Kathleen is especially interested in understanding how women and men fashion commitments to the intertwined worlds of paid work and family life as they move through the life course. Exploring how people understand, break down, and seek to resolve the dilemmas arising from the conflicts between work and family structures, she has explored these questions in a series of path-breaking books. Beginning with Hard Choices (1985), she examined how young women from diverse social backgrounds traveled unexpected paths as they sought to resolve the tensions between building a family and creating a base in the workplace. In No Man’s Land (1993), she next looked at how men’s lives are transformed by the gender revolution, which has given them more freedom to avoid family responsibilities but has also created increased expectations to be involved fathers and partners.

In a her third installment of what has been called a “classic trilogy,” Kathleen turned her attention to the “children of the gender revolution,” who grew up in changing families and now face intensifying pressures to integrate work and family life while lacking the social supports to do so. Her award winning book, The Unfinished Revolution (2011), shows how young people react when their egalitarian ideals clash with intransigent institutional structures that make these ideals difficult to achieve and often out of reach.

Kathleen has also co-authored The Time Divide (2004, with Jerry A. Jacobs) , which draws on census, survey, and cross-national data to explain how and why working time has become a new form of social inequality that is dividing Americans in a variety of ways. With Sarah Damaske, she is completing a book on the theory and practice of in-depth interviewing.

During her fellowship year, Kathleen will draw on extensive interviews with a broad cross-section of adults in Silicon Valley and the New York area to write a book on how the precarious conditions of “the new economy” are reshaping patterns of work and care. The book will chart the emergence of new strategies in response to rising financial uncertainty and fragile intimate relationships and will explore the implications for gender and class inequality.

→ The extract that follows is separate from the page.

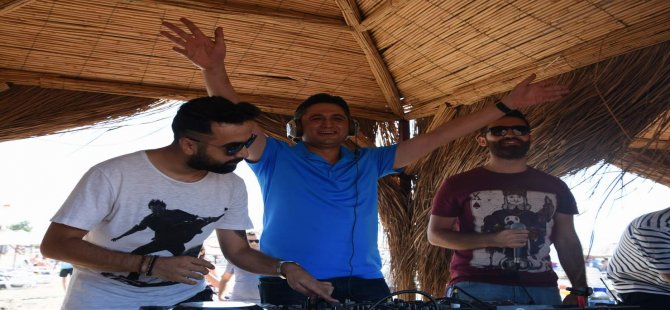 Başkan Serkan Acar, DJ Kabininde Gençleri Coşturdu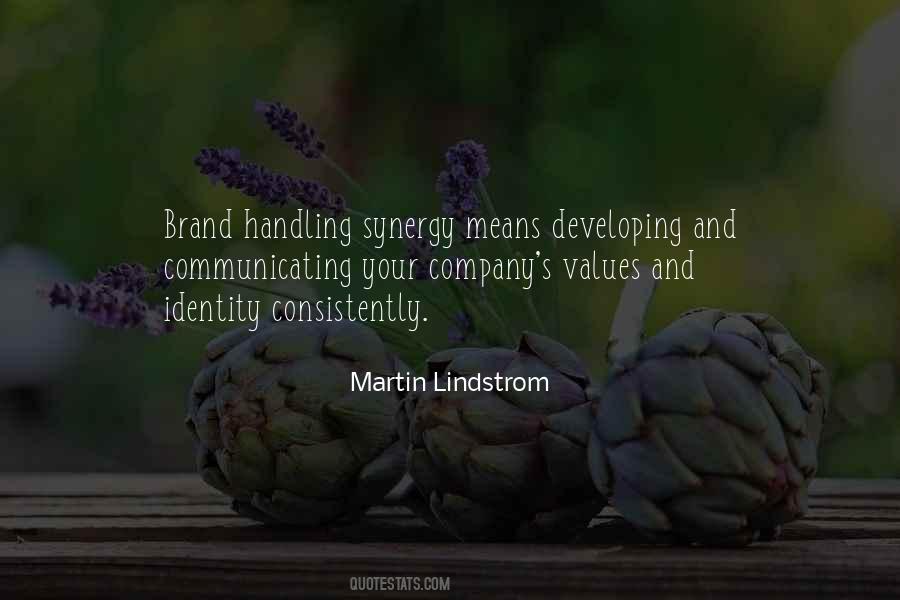 Martin Lindstrom Quotes #928472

Kathleen has held visiting positions at the Russell Sage Foundation and the Stanford Center for Advanced Study in the Behavioral Sciences and has received the American Sociological Association Jessie Bernard Award, for distinguished contributions to understanding women and gender in society, and the Rosabeth Kanter Award, for excellence in work-family research. She grew up in Montgomery, Alabama and the San Francisco Bay Area, where she attended Stanford and U.C. Berkeley. She has lived with her family in Brooklyn for many years.